EDL (électricité du Liban): histoire de reflets d’un édifice et de ses symboles (lumière, courant, ondes…)
En amoureuse et observatrice d’architecture, en avril 2015 mon oeil s’est attardé sur l’immeuble dans le quartier de Mar Mikhael. Le contexte et l’aspect m’ont instantanément sauté aux yeux et à l’esprit.
C’était la même émotion que celle ressentie lors d’un tirage dans la chambre noire, sous la lumière inactinique : la révélation! D’une évidence déconcertante. Je n’ai cessé de garder cet édifice en tête parce qu’il raconte la situation d’un pays à lui seul. Les repérages faits, je me dirige en toute discrétion vers l’immeuble d’en face pour planifier l’approche photographique. À l’époque, l’immeuble était quasi désert, abandonné. Le choix du matériel s’est très vite imposé à moi ; léger, facile à dissimuler, travail rapide à mains levées. Cette fois-ci, j’ai opté pour un parti pris. Les photos sont raitées à la manière du bâtiment et à sa symbolique.
À ma grande surprise, une deuxième révélation m’est apparue : son état intérieur était identique à
son voisin ; couleurs similaires, délabrement de ces bâtiments face à face, correspondances visuelles, corrélations d’âmes, d’atmosphères, régnaient clairement. L’appartement laissé à l’abandon fait face à l’électricité laissée à l’abandon, au peuple abandonné.
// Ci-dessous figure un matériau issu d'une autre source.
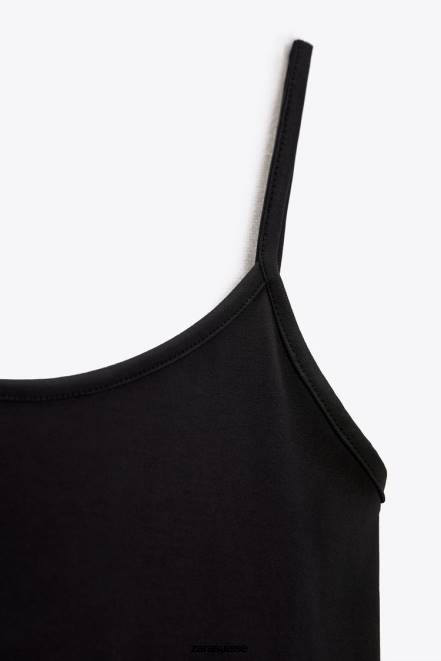 Zara vêtements P66V876 femmes haut élastique à fines bretelles noir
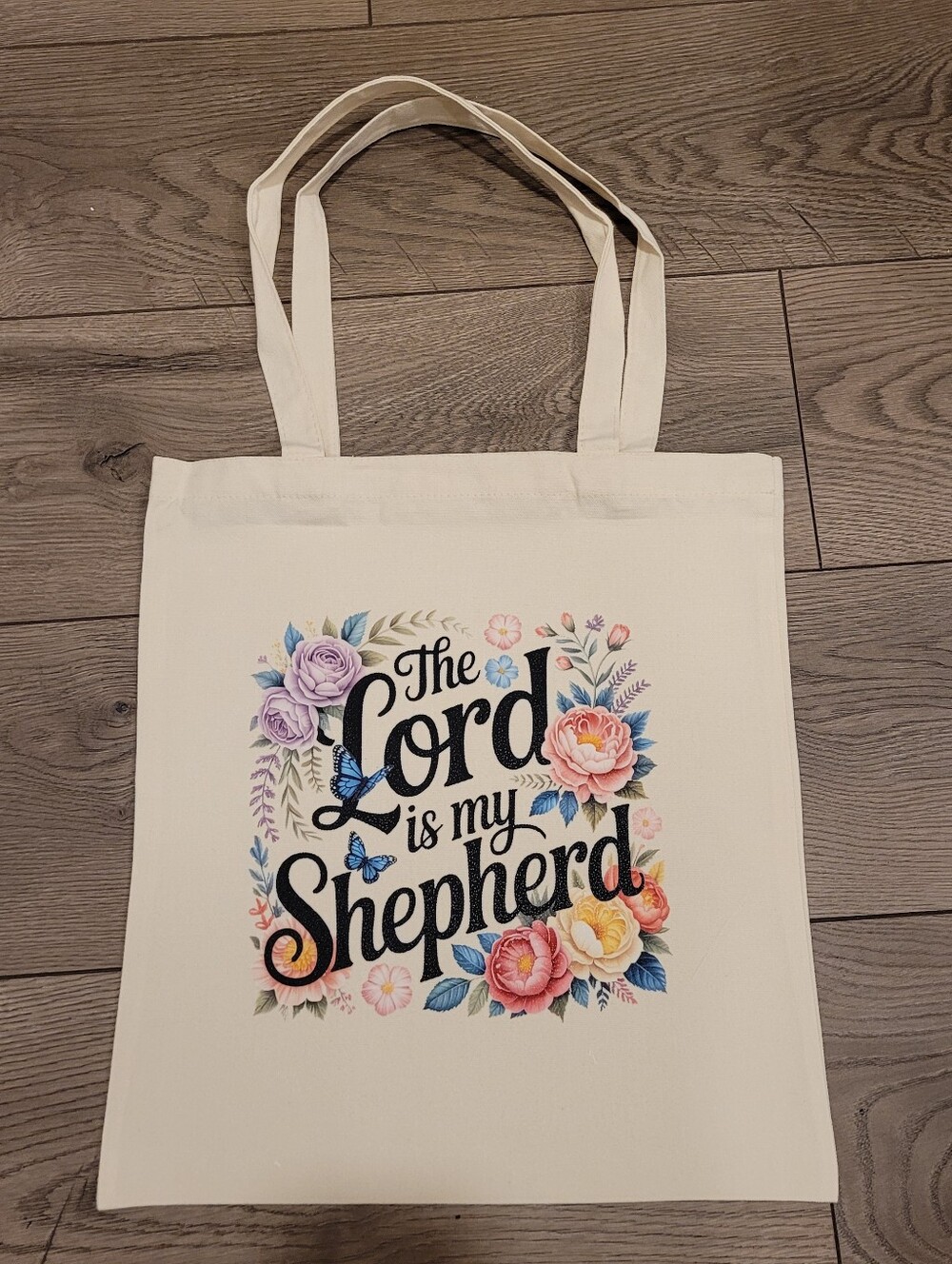 Custom 'The Lord Is My Sheperd' Canvas Tote Bag 15x16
L’EDL se reflète sur les immeubles avoisinants tel un miroir. Plus particulièrement celui d’en face, d’où les photos ont été prises. Sur moi instantanément, ainsi que mon approche. À croire que l’EDL, avec toute sa symbolique, devient contagieux! Tout ce que ce bâtiment représente reste un grand problème pour l’évolution du pays, pour tout un peuple. Depuis le début de la guerre civile en 1975, jusqu’à nos jours, le problème est toujours là, omniprésent : nous vivons au rythme des coupures de courant. Sa façade est à l’image du pays : délaissée, truffée de vermines, sans avenir. La même désuétude statique, décomposée, passée, insalubre aux couleurs identiques, quasi monochromes, depuis sa construction dans les années 1970. Aucune évolution possible. Tout comme sa problématique au quotidien, il est rempli de toutes petites fenêtres délabrées, désordonnées, comme une ruche où fourmillent les fonctionnaires de l’État, avec une inertie à l’image de leurs dirigeants et politiciens, qui se battent par abus de pouvoir : obscurantisme de l’État, délaissant son peuple dans la misère, dans l’incertitude, l’inquiétude de l’avenir.
Cet immeuble est ainsi pris au piège par sa propre symbolique. Toutes ces correspondances relèvent-elles de la sombre poésie environnementale ? J’aurais aimé y croire. À chacun de voir et de vivre son interprétation de l’histoire, les portes sont ouvertes, les esprits aussi.
Nous attendons toujours cette lueur de lumière, pour l’instant nous sommes une nation éteinte.